# EXERCISE
Return exactly the lines of the entries that start at the line containing "Planta Dobrada 3082 – 30cm – 03 anos" and continue to the last line. Omit the pictures.

Image-text web data:
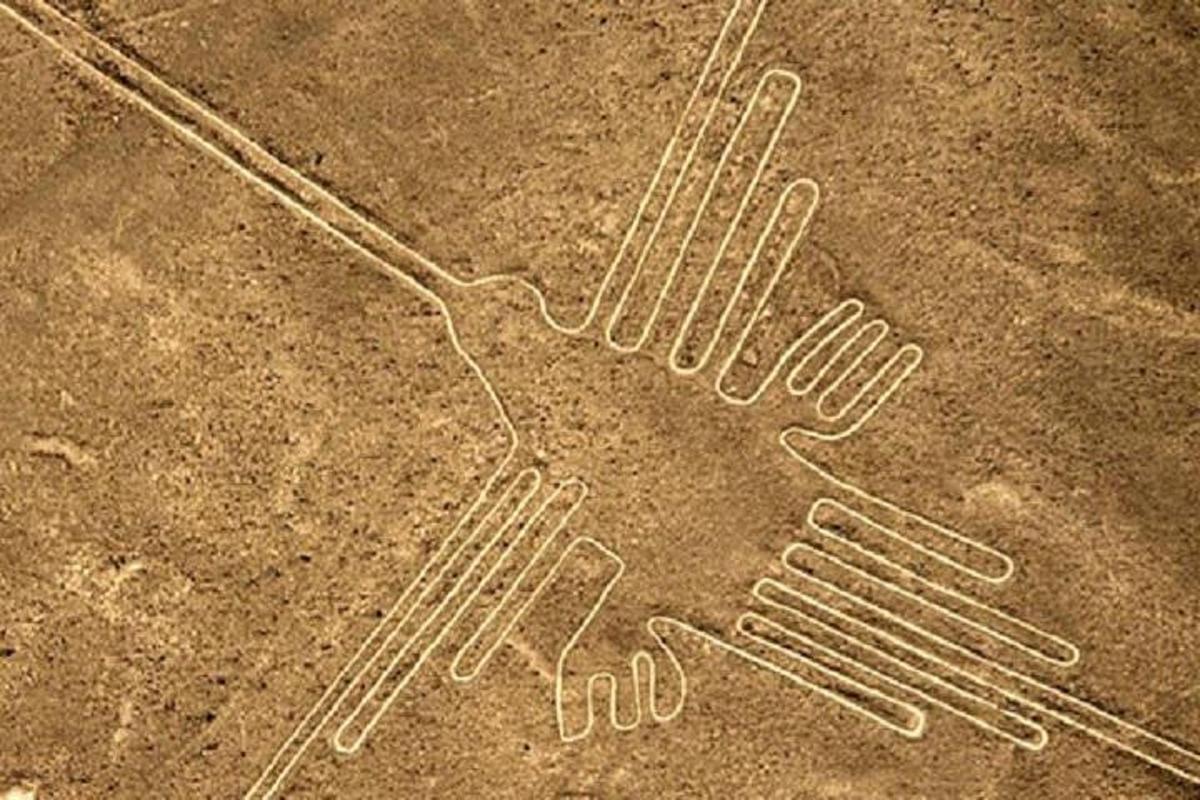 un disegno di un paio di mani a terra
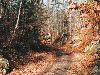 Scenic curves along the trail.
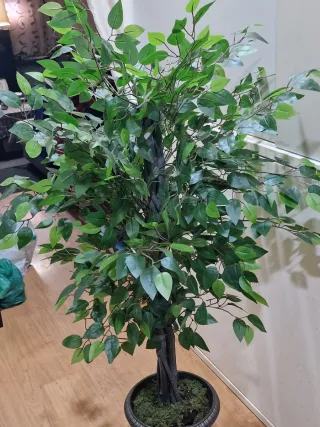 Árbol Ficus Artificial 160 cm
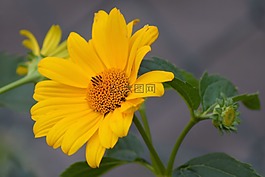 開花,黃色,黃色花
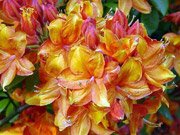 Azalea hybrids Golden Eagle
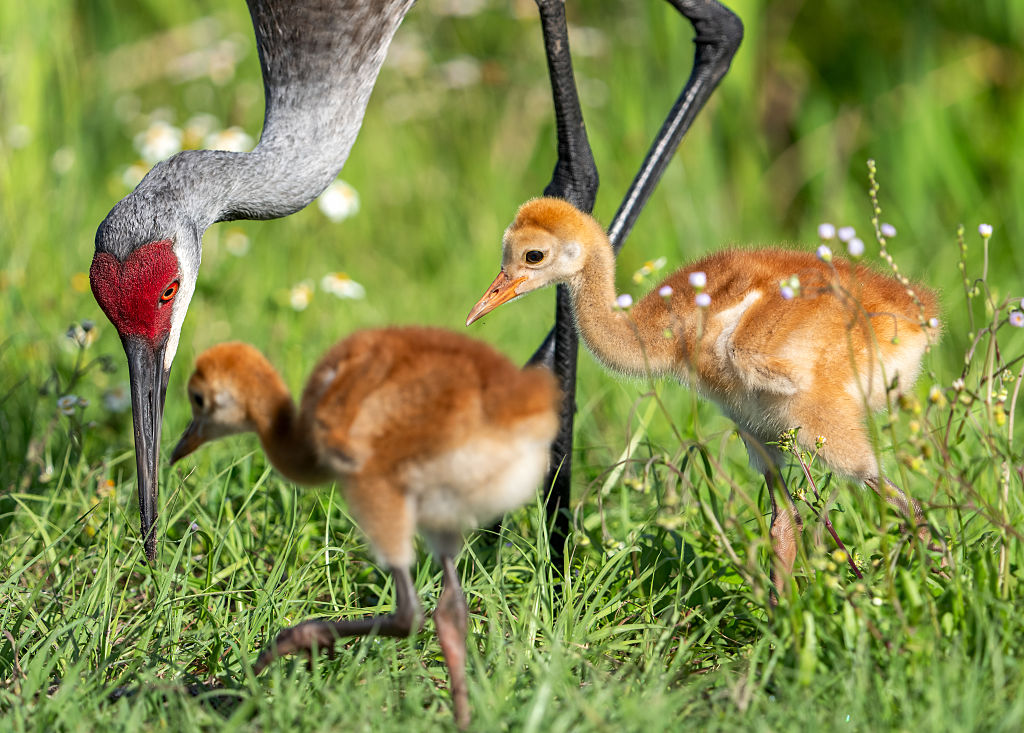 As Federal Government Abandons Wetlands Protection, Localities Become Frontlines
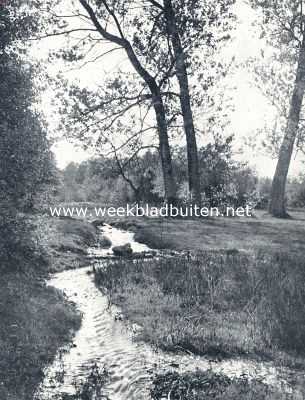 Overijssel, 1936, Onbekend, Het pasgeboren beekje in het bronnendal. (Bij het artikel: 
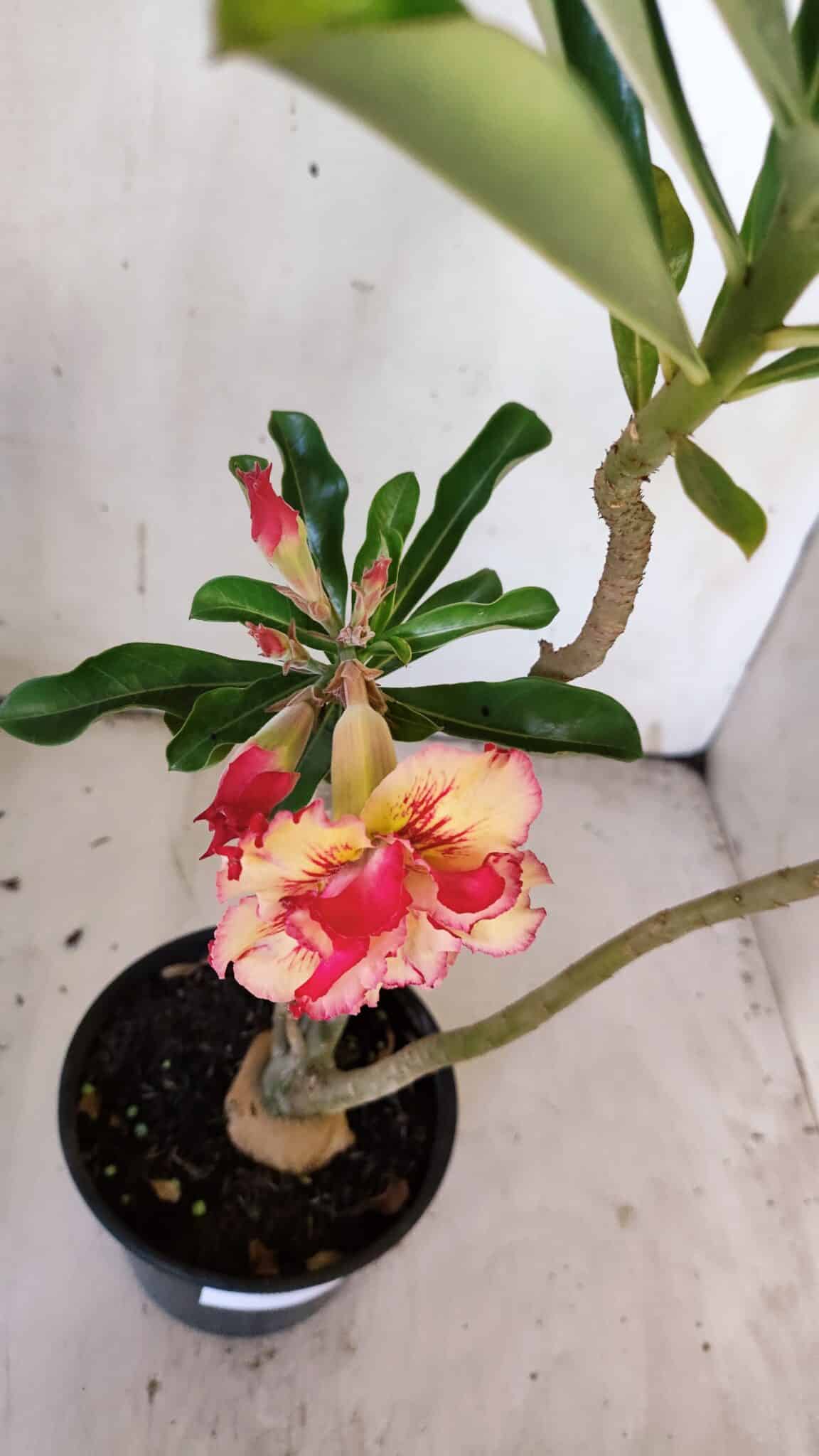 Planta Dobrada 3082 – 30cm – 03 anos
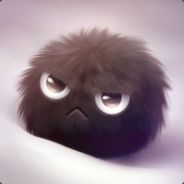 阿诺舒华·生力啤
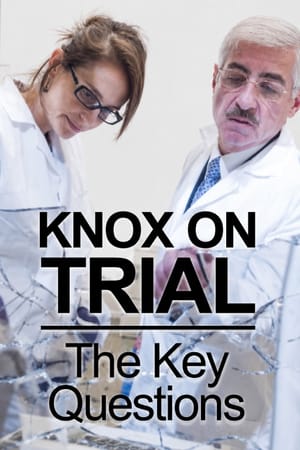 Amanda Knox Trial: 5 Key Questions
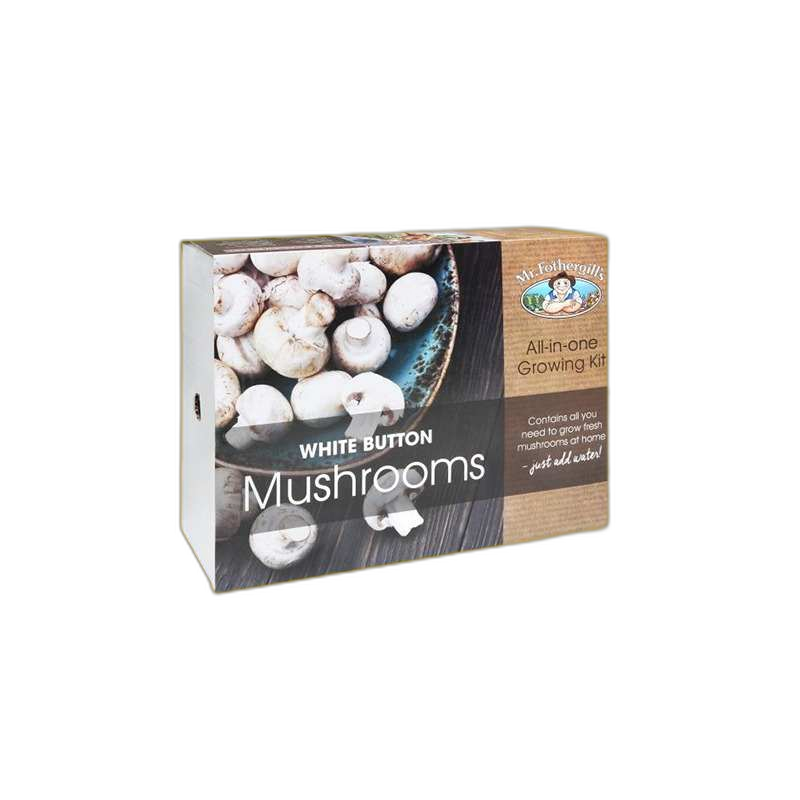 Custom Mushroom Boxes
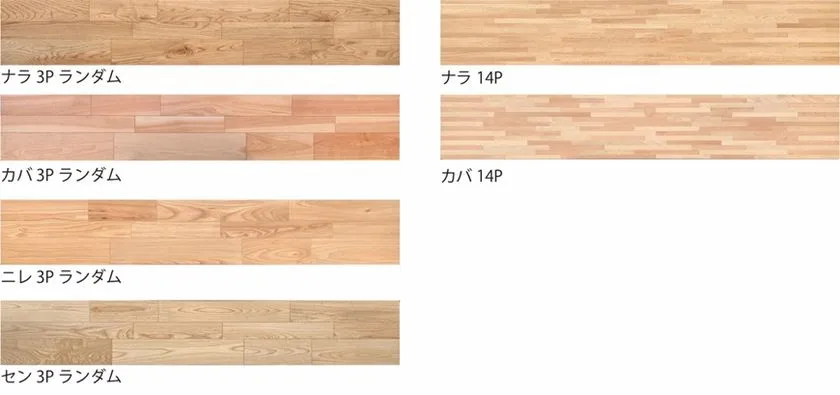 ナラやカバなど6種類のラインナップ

# SOLVED PROBLEM
 Planta Dobrada 3082 – 30cm – 03 anos
 阿诺舒华·生力啤
 Amanda Knox Trial: 5 Key Questions
 Custom Mushroom Boxes
 ナラやカバなど6種類のラインナップ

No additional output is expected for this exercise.